> [Your task]: Entries below include pictures. Output exactly the lines from the one with "Szary szklany wazon Nkuku Miza, wys. 16,5 cm" down to the one with "2026 Easter 6 free printable coloring page", both ends included, and leave the pictures out.

Stored data entries
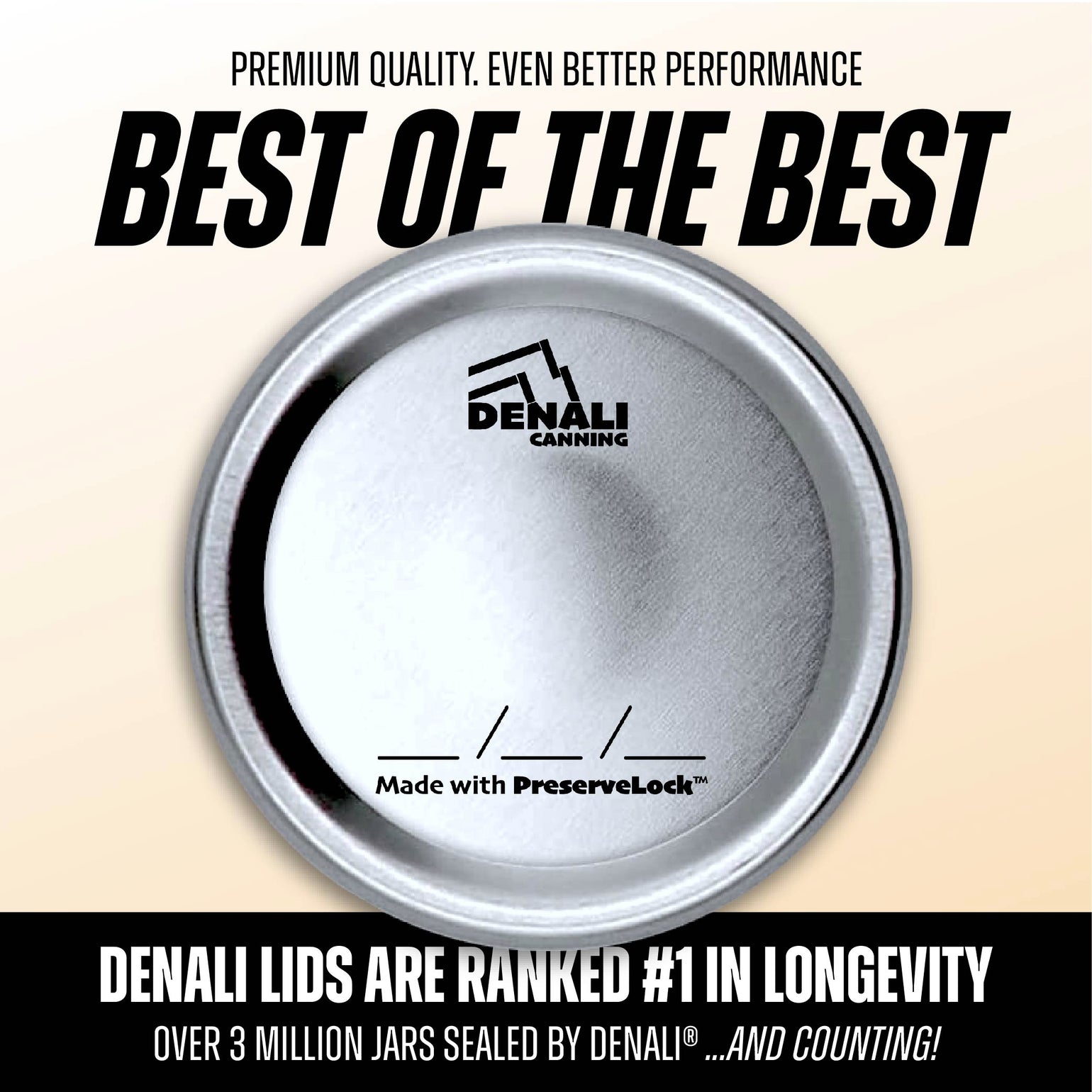 60 Pack canning lids Denali Lids, Regular Mouth Denali Canning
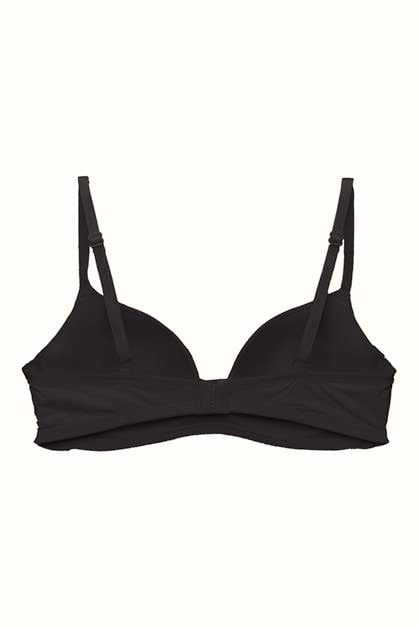 3lü Paket Dolgusuz Yumuşak Kaplı Örme Sütyen C31791 Siyah/Ten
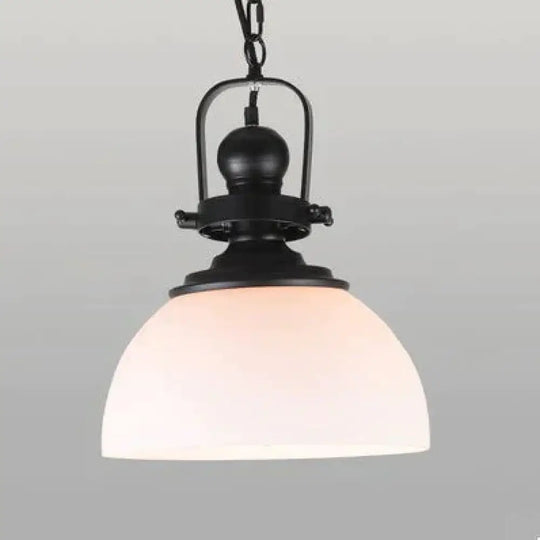 Retro Chandelier Creative Personality L Coffee Restaurant Living Room Bar Glass Lamps C / No Bulb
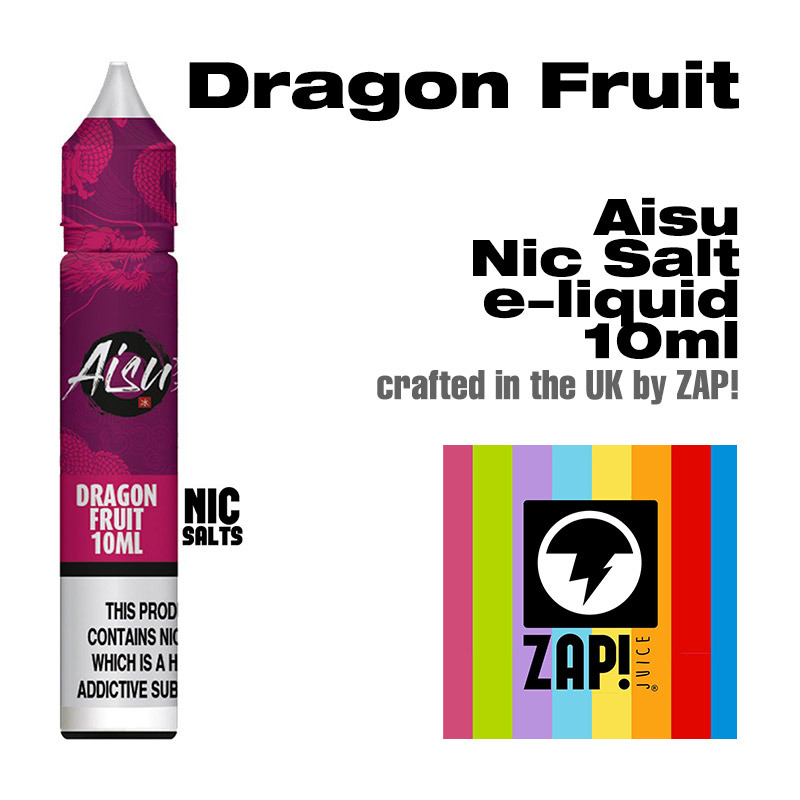 Dragon Fruit - Aisu NicSalt e-liquid made by Zap! 10ml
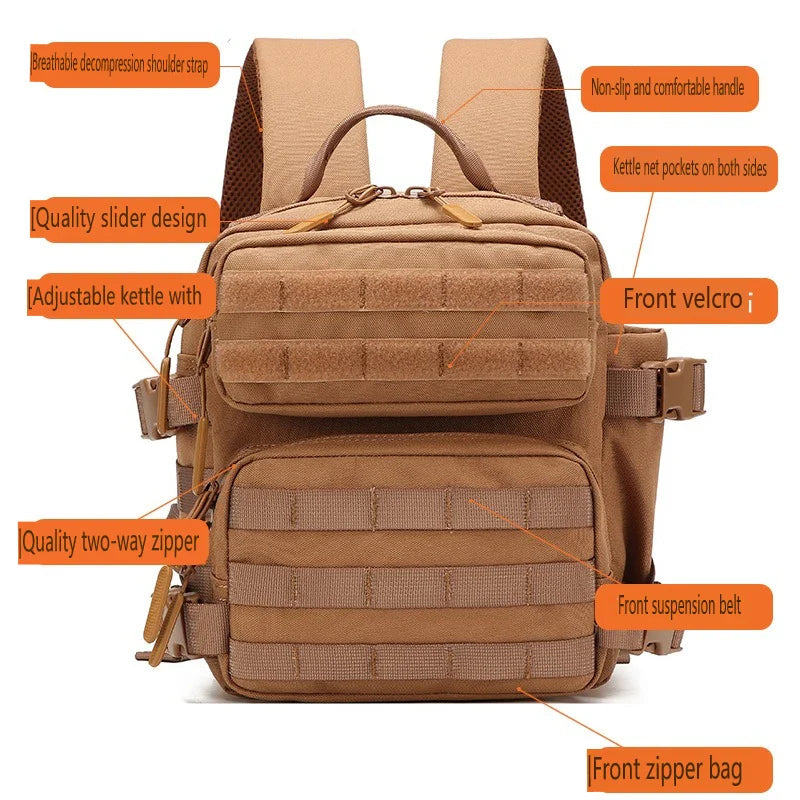 Tactivo Mini-Rucksack 9L | Compact MOLLE Backpack with Durable Design | Ideal for Hiking and EDC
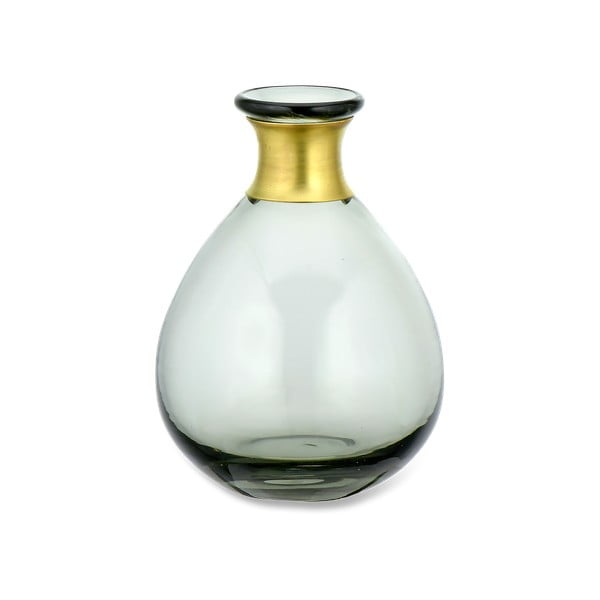 Szary szklany wazon Nkuku Miza, wys. 16,5 cm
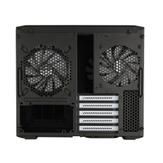 Fractal Design Node 804 - Desktop - mikro ATX - ingen strømforsyning - børstet aluminiumssvart - USB/lyd (FD-CA-NODE-804-BL-W)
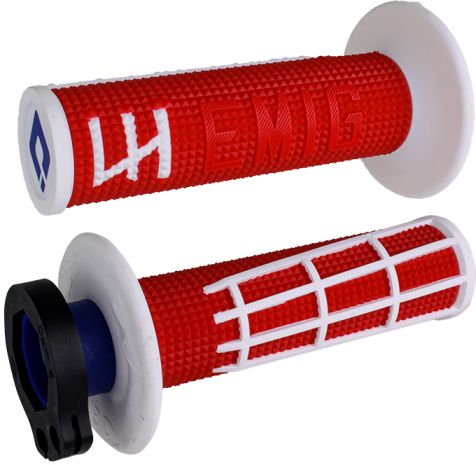 Odi Emig 2.0 - V2 Lock-on Grip Red/white  Red/White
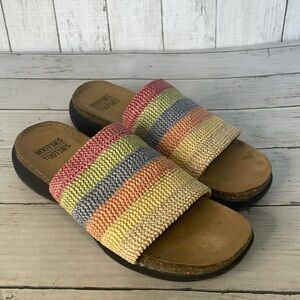 Mootsie Tootsie Vintage Multicolor Woven Slides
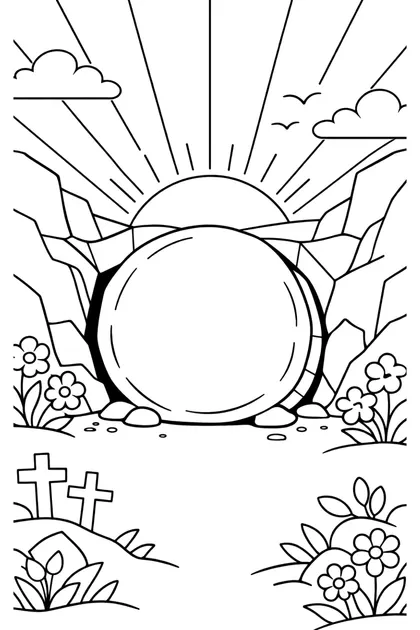 2026 Easter 6 free printable coloring page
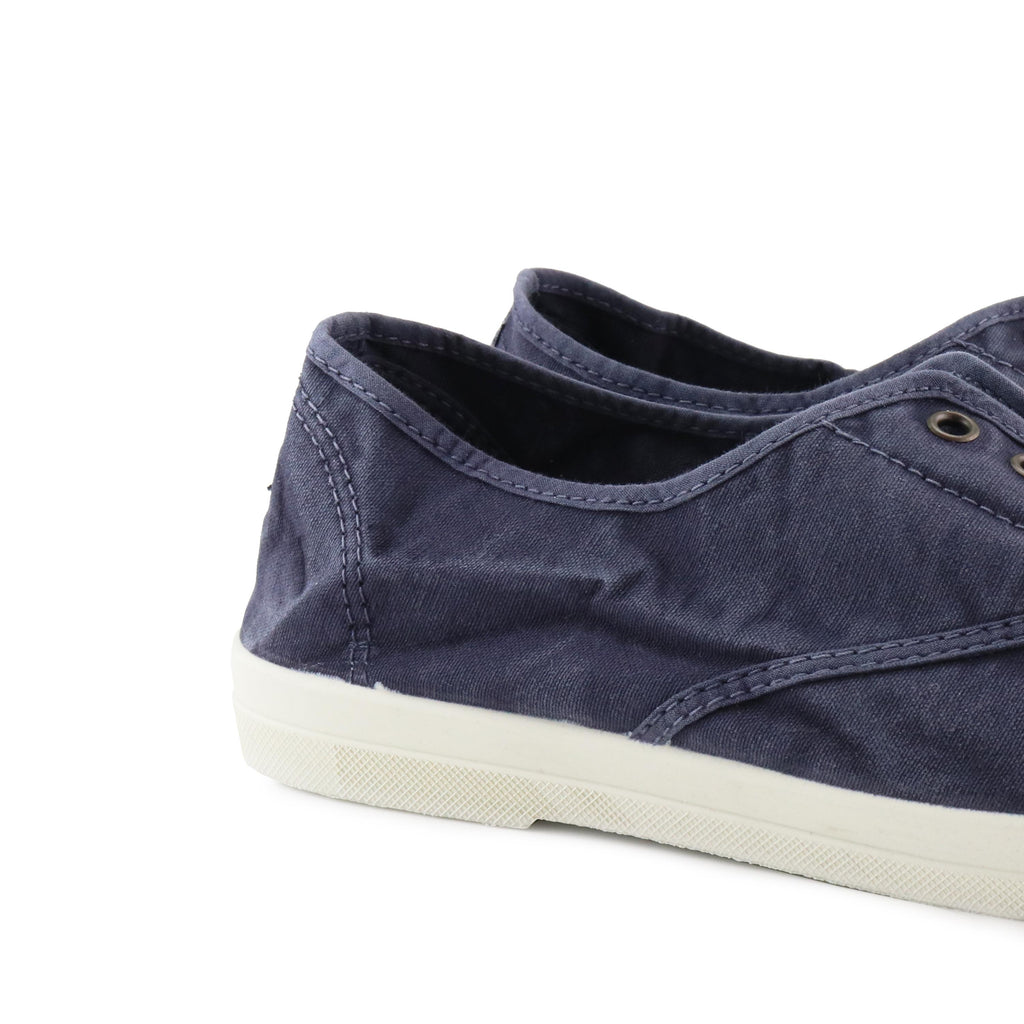 Zapatilla azul de cordón y elástico LONA3102 Natural World - LONA3102-130-5.jpg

> [Exercise result]:
 Szary szklany wazon Nkuku Miza, wys. 16,5 cm
 Fractal Design Node 804 - Desktop - mikro ATX - ingen strømforsyning - børstet aluminiumssvart - USB/lyd (FD-CA-NODE-804-BL-W)
 Odi Emig 2.0 - V2 Lock-on Grip Red/white  Red/White
 Mootsie Tootsie Vintage Multicolor Woven Slides
 2026 Easter 6 free printable coloring page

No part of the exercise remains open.